During the 10th inning of the Mets' loss to the Marlins on Sept. 8 in Miami, with the go-ahead run on third base and two outs, Luis Rojas pinch-hit for McCann with Patrick Mazeika.

This is not to pile on Mazeika, who has had some nice moments this season while helping to fill in at catcher.

But Mazeika profiles as a Triple-A player or perhaps a part time backup, and entered that at-bat hitting .200/.265/.280 in 83 plate appearances this season.

That Mazeika was called upon to pinch-hit for McCann in that spot is just one example of how badly McCann is struggling. And it had to be painful for McCann to be pulled there for his backup, who grounded out to end the inning.

What happens now?

There is of course a chance that McCann comes out of this -- if not by the end of this season than by the beginning of next season.

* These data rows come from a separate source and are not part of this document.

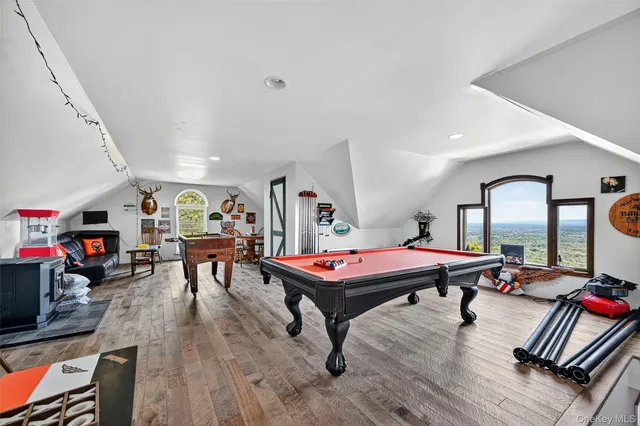 a room with furniture pool table wooden floor and windows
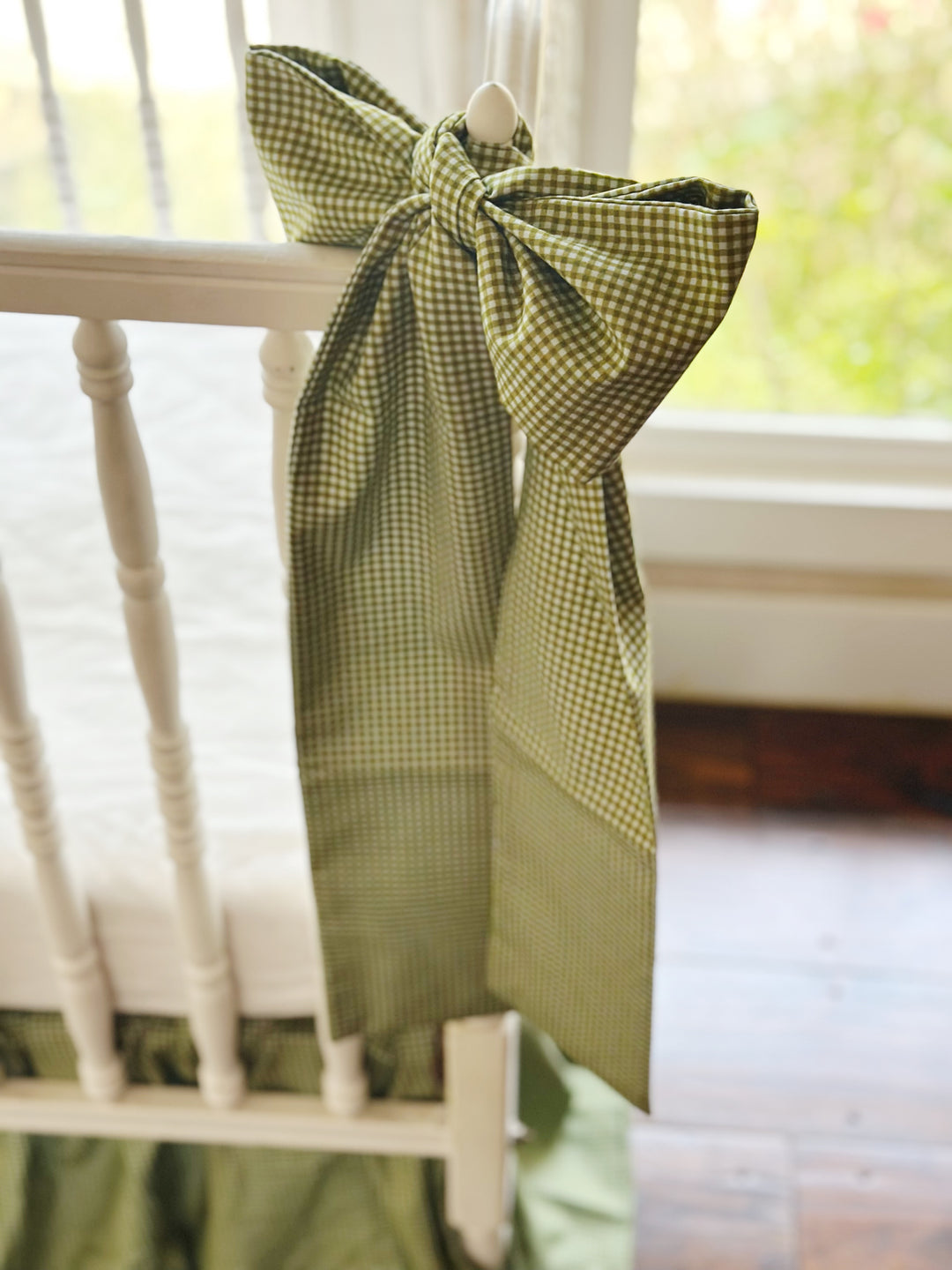 Large pine green gingham crib bow hand-tied to a white crib post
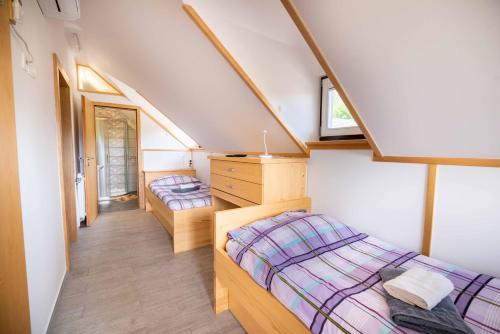 two beds in a room with a attic at Apartment & Room Pristov in Žirovnica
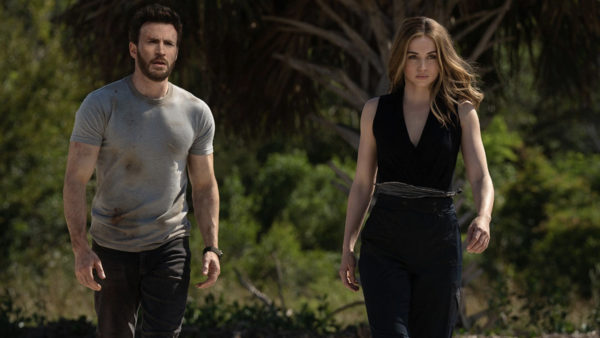 Chris Evans (L) in a grey t-shirt walks next to Ana de Armas (R) in a black jumpsuit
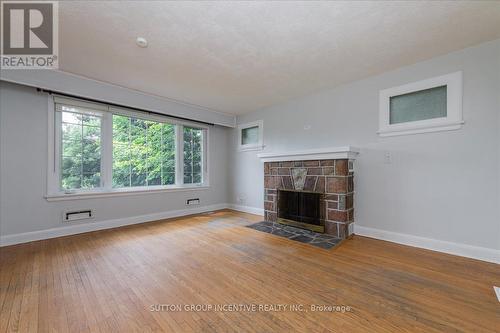 60 Shanty Bay Road, Barrie (North Shore), ON - Indoor Photo Showing Living Room With Fireplace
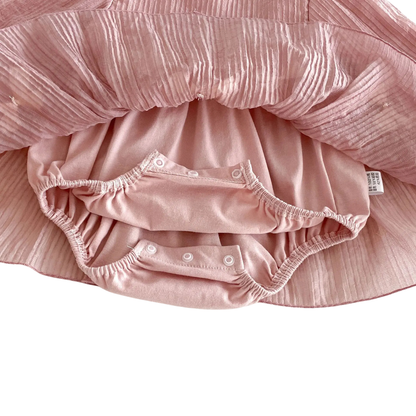 Underneath view of the baby girl romper dress revealing the hidden soft cotton bodysuit with snap closures for easy diaper changes.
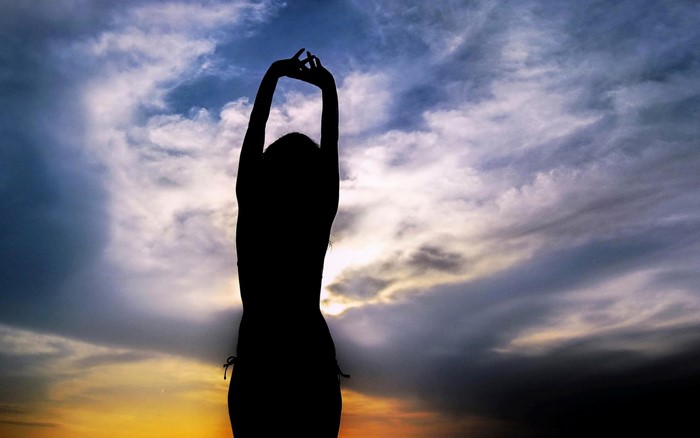 Silhouette of a woman with arms raised against a cloudy sunset sky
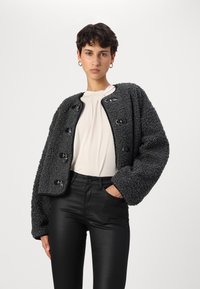 Veste en teddy noir texturé avec un col arrondi, des fermetures à l'avant et des manches volumineuses, associée à un pantalon noir ajusté et un haut crème.
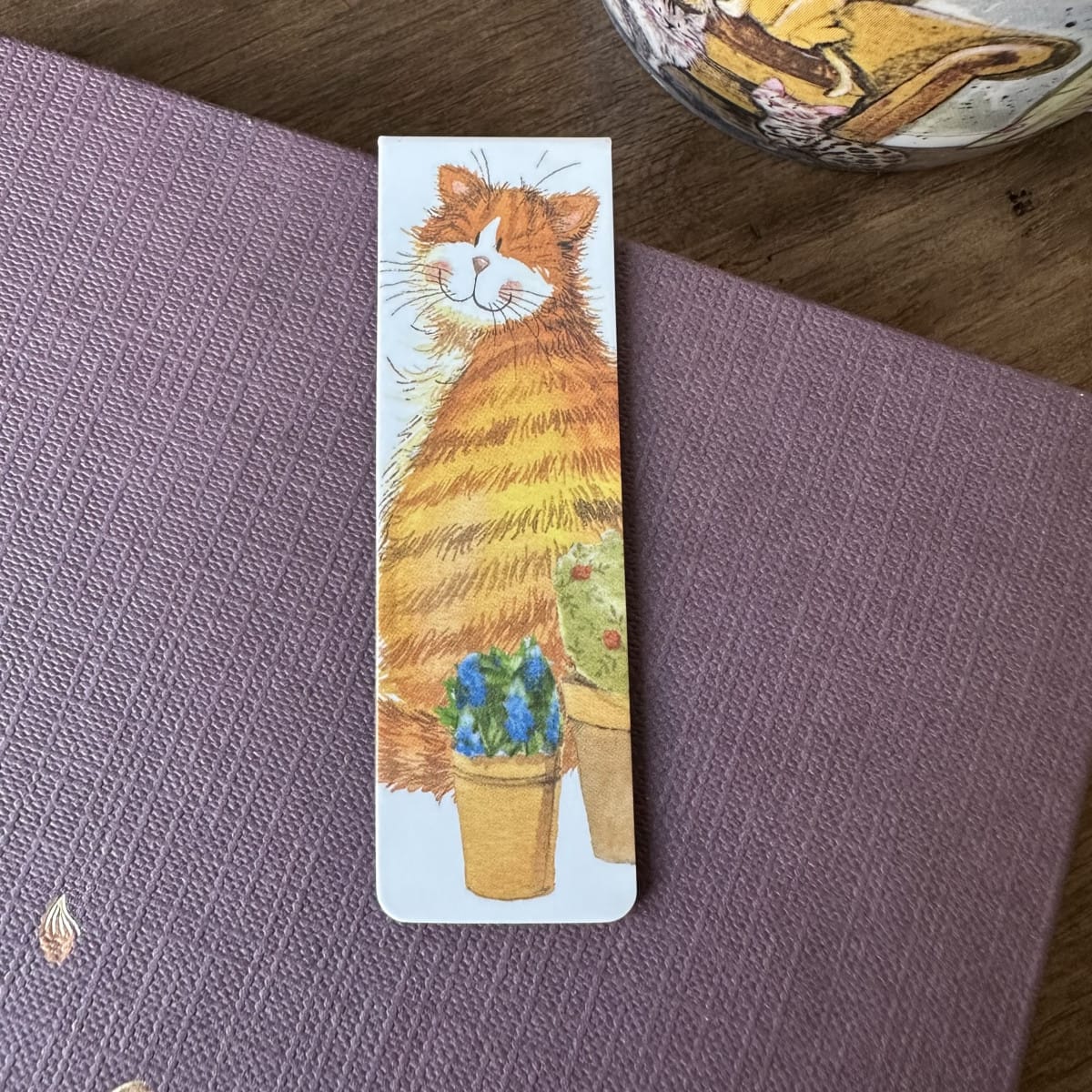 Alex Clark Cat & Pot magnetic bookmark displayed on a closed journal, highlighting the compact magnetic design and charming garden-inspired cat artwork.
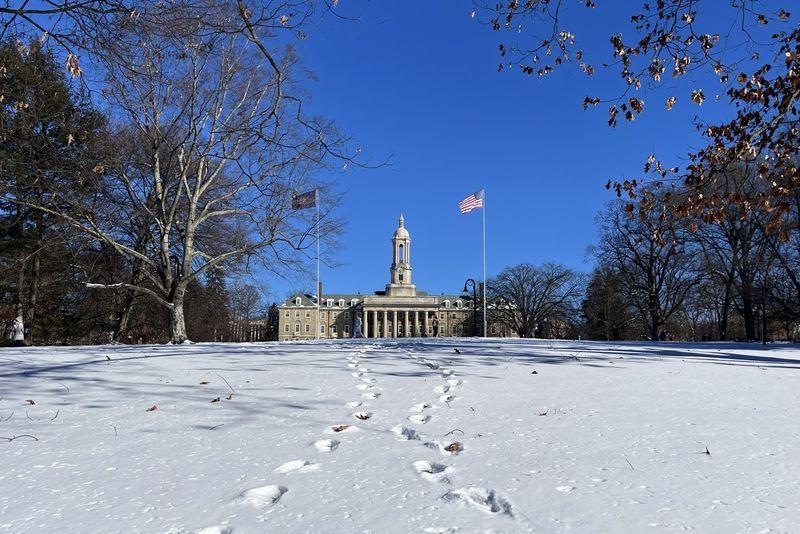 A faraway picture of Old Main with a blue sky behind it and several paths of footprints in the snow leading to it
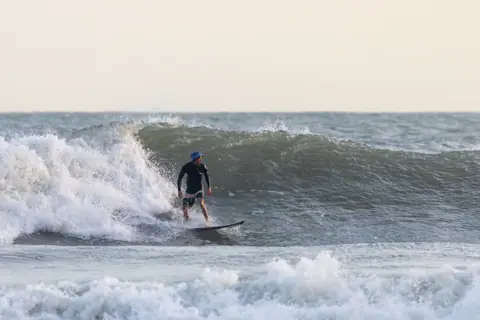 An adult male surfer expertly rides a wave in open ocean waters, showcasing surfing skills.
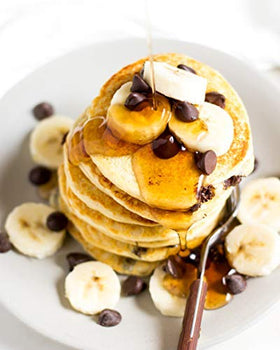 FlapJacked Buttermilk pancakes cooking on a skillet with butter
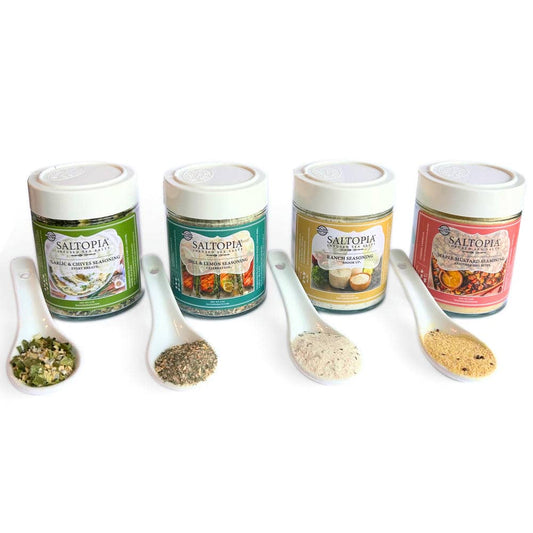 a group of containers with different spices in them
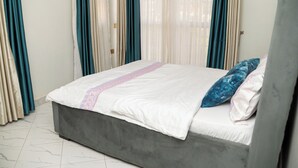 A bedroom with a bed, curtains, and a view through the window. - Lovely apartment with WiFi in vibrant Kampala with a cozy and calm environment. (Kampala)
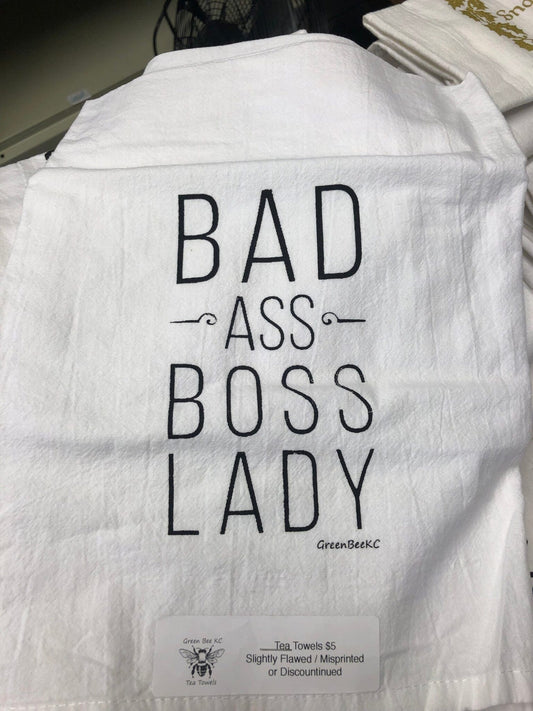 a white cotton kitchen towel with the words bad ass boss lady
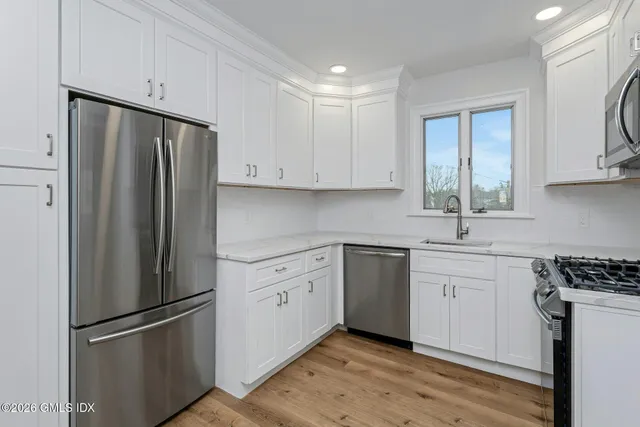 a kitchen with stainless steel appliances granite countertop a stove and a microwave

May 24, 2021; New York City, New York, USA; New York Mets first baseman James McCann (33) rounds the bases after hitting a solo home run against the Colorado Rockies during the seventh inning at Citi Field.
May 24, 2021; New York City, New York, USA; New York Mets first baseman James McCann (33) rounds the bases after hitting a solo home run against the Colorado Rockies during the seventh inning at Citi Field.

And the Mets don't necessarily need him to be the guy who slugged close to .500 in 2019 and 2020. They just need him to be a solid offensive performer and combine that with his defense and leadership.

If McCann continues to struggle, though, the Mets will be in a bind since Tomas Nido has not distinguished himself, and because they don't have anyone else currently on the 40-man roster or in the upper levels of the minors who profiles as a starting catcher.

The presence of Francisco Alvarez, who is the No. 10 prospect in baseball, is rising through the system quickly, and will likely begin the 2022 season with Double-A Binghamton, adds another wrinkle to the situation.

If Alvarez was going to be ready in 2022, the Mets could just ride this out. But the odds are that he won't be ready until some point in 2023.

And if McCann can't be a solid offensive performer, he will likely wind up being a very expensive backup sooner rather than later, leaving the Mets with a mess on their hands.